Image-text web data

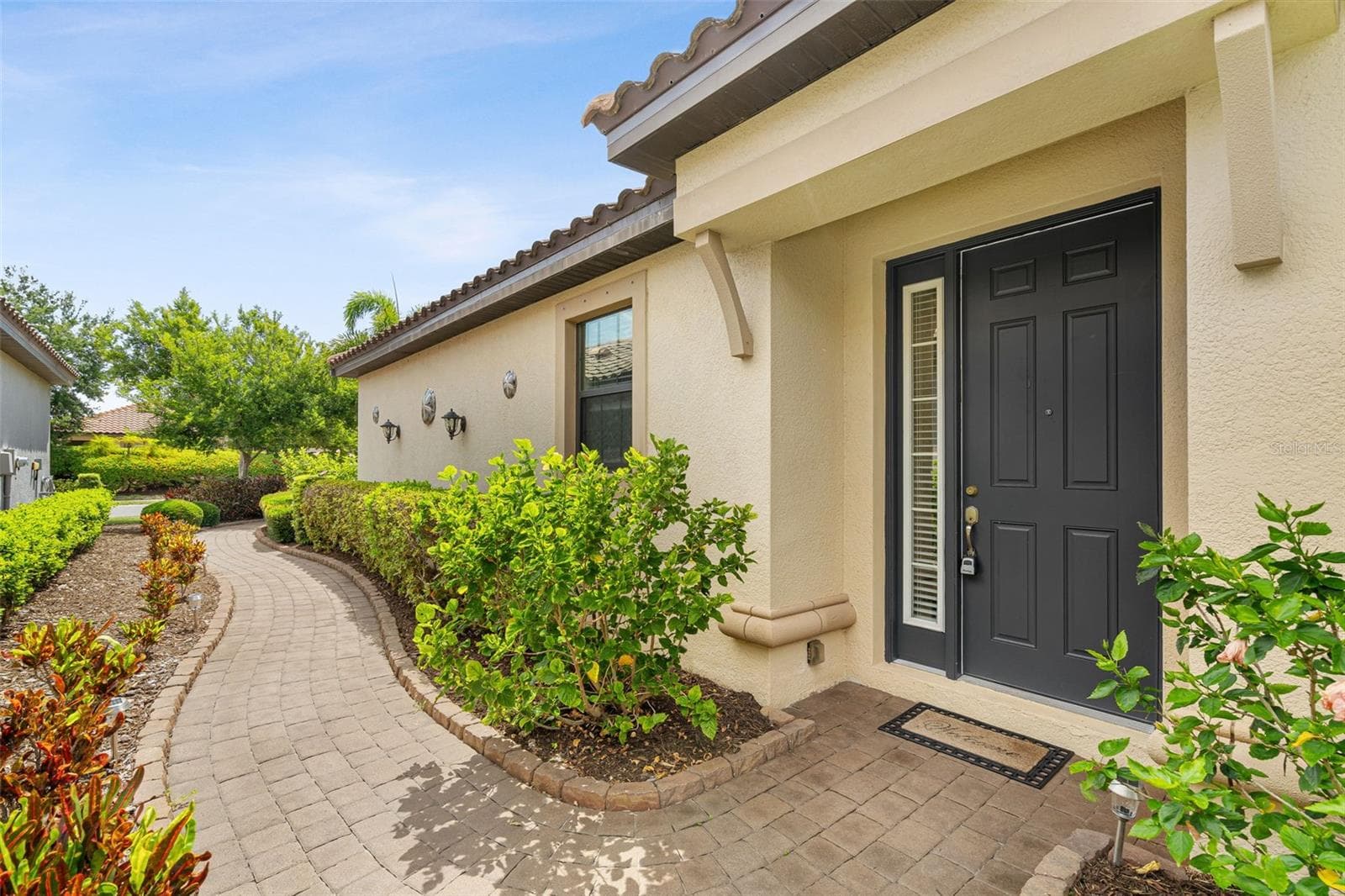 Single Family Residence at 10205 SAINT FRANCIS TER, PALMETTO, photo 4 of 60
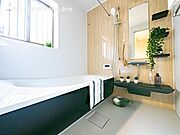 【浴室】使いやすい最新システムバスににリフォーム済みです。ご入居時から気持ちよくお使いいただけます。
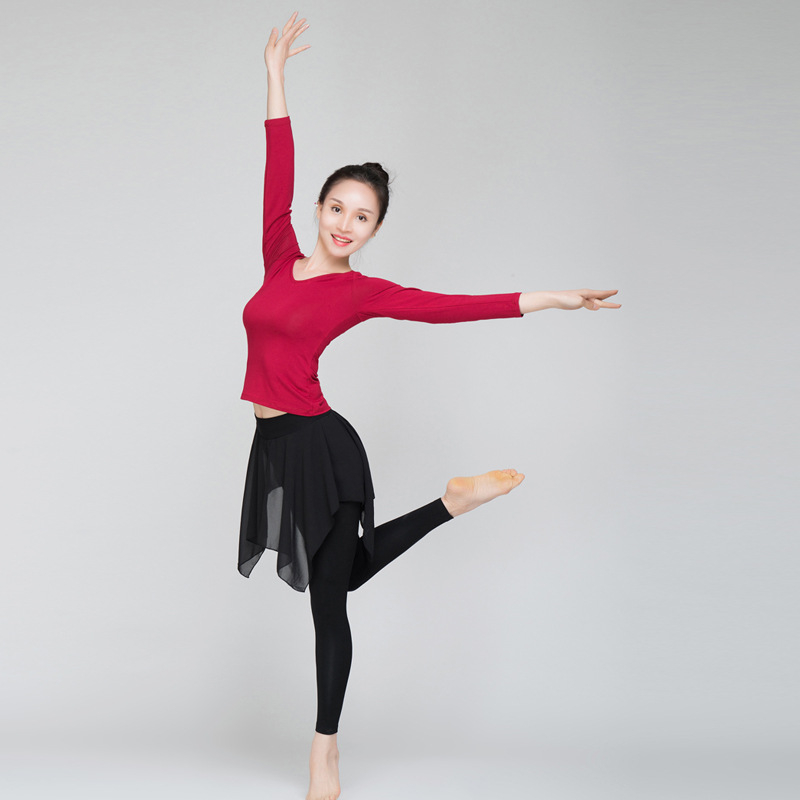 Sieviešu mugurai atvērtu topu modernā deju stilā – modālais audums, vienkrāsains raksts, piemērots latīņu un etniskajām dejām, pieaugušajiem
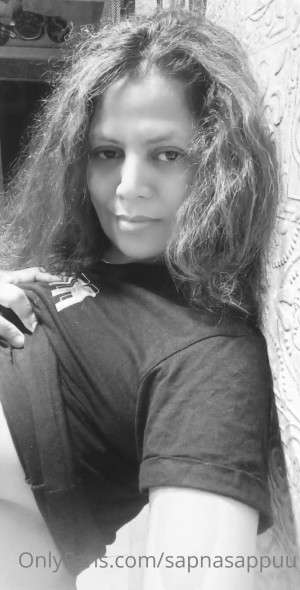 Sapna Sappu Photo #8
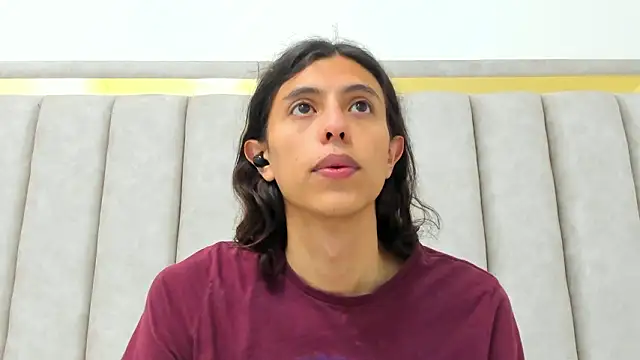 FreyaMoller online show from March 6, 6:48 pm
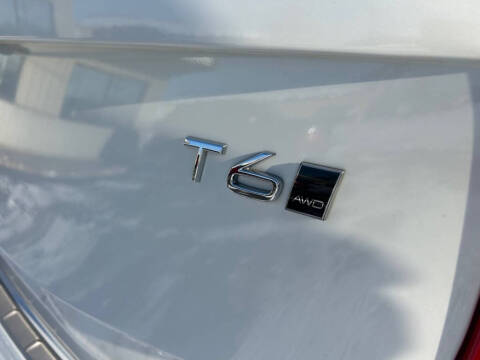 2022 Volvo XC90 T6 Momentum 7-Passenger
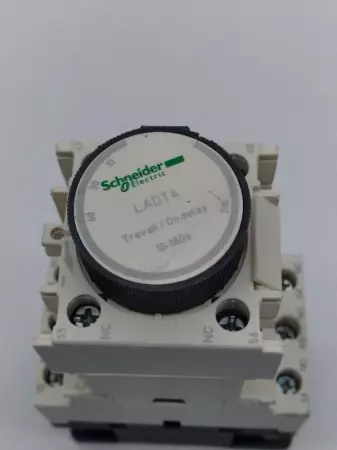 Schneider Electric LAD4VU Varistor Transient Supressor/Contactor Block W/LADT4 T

_Work instructions_. Give back every entry verbatim. No pictures belong in the copy.

_Answer to this problem_.
 Single Family Residence at 10205 SAINT FRANCIS TER, PALMETTO, photo 4 of 60
 【浴室】使いやすい最新システムバスににリフォーム済みです。ご入居時から気持ちよくお使いいただけます。
 Sieviešu mugurai atvērtu topu modernā deju stilā – modālais audums, vienkrāsains raksts, piemērots latīņu un etniskajām dejām, pieaugušajiem
 Sapna Sappu Photo #8
 FreyaMoller online show from March 6, 6:48 pm
 2022 Volvo XC90 T6 Momentum 7-Passenger
 Schneider Electric LAD4VU Varistor Transient Supressor/Contactor Block W/LADT4 T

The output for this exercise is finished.